Keywords describe the main topics expressed in a document/text. Keyword extraction in turn allows for the extraction of important words and phrases from text. This in turn can be used for building a list of tags or to build a keyword search index or grouping similar content by its topics and much more. This library provides an easy method for PHP developers to get a list of keywords and phrases from a string of text.

This project is based on another project called RAKE-PHP by Richard Filipčík, which is a translation from a Python implementation simply called RAKE.

As described in: Rose, S., Engel, D., Cramer, N., & Cowley, W. (2010). Automatic Keyword Extraction from Individual Documents. In M. W. Berry & J. Kogan (Eds.), Text Mining: Theory and Applications: John Wiley & Sons.

This particular package intends to include the following benefits over the original RAKE-PHP package:

  1. Add PSR-2 coding standards.
  2. Implement PSR-4 in order to be Composer installable.
  3. Add additional functionality such as method chaining.
  4. Add multiple ways to provide source stopwords.
  5. Full unit test coverage.
  6. Performance improvements.
  7. Improved documentation.

Currently Supported Languages

  • English US (en_US)
  • Spanish/español (es_AR)
  • French/le français (fr_FR)
  • Polish/język polski (pl_PL)
  • Russian/русский язык (ru_RU)
  • Brazilian Portuguese/português do Brasil (pt_BR)
  • European Portuguese/português europeu (pt_PT)
  • Sorani Kurdish/سۆرانی (ckb_IQ)
  • Arabic (United Arab Emirates)/لإمارات العربية المتحدة (ar_AE)
  • German (Germany)/Deutsch (Deutschland) (de_DE)

Version

v1.0.16

Special Thanks

Installation

With Composer

$ composer require donatello-za/rake-php-plus
{
    "require": {
        "donatello-za/rake-php-plus": "^1.0"
    }
}
<?php
require 'vendor/autoload.php';

use DonatelloZa\RakePlus\RakePlus;

Without Composer

<?php

require 'path/to/AbstractStopwordProvider.php';
require 'path/to/StopwordArray.php';
require 'path/to/StopwordsPatternFile.php';
require 'path/to/StopwordsPHP.php';
require 'path/to/RakePlus.php';

use DonatelloZa\RakePlus\RakePlus;

Example 1

Creates a new instance of RakePlus, extract the phrases and return the results. Assumes that the specified text is English (US).

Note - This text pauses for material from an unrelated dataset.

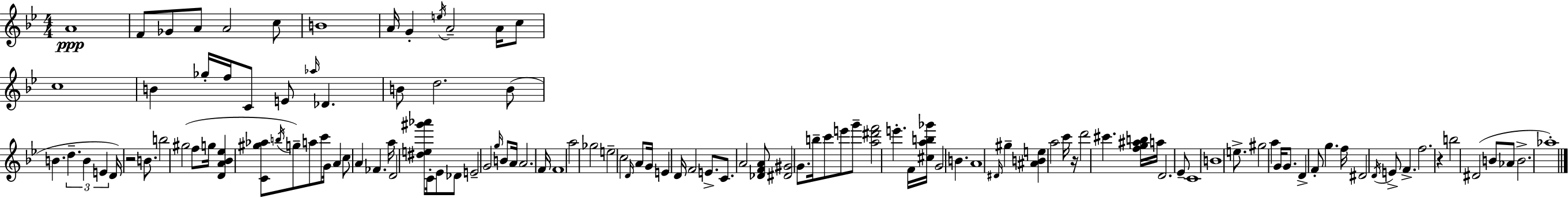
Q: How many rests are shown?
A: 3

use DonatelloZa\RakePlus\RakePlus;

$text = "Criteria of compatibility of a system of linear Diophantine equations, " .
    "strict inequations, and nonstrict inequations are considered. Upper bounds " .
    "for components of a minimal set of solutions and algorithms of construction " .
    "of minimal generating sets of solutions for all types of systems are given.";

$phrases = RakePlus::create($text)->get();

print_r($phrases);
Array
(
    [0] => criteria
    [1] => compatibility
    [2] => system
    [3] => linear diophantine equations
    [4] => strict inequations
    [5] => nonstrict inequations
    [6] => considered
    [7] => upper bounds
    [8] => components
    [9] => minimal set
    [10] => solutions
    [11] => algorithms
    [12] => construction
    [13] => minimal generating sets
    [14] => types
    [15] => systems
)

Example 2

Creates a new instance of RakePlus, extract the phrases in different different orders and also shows how to get the phrase scores.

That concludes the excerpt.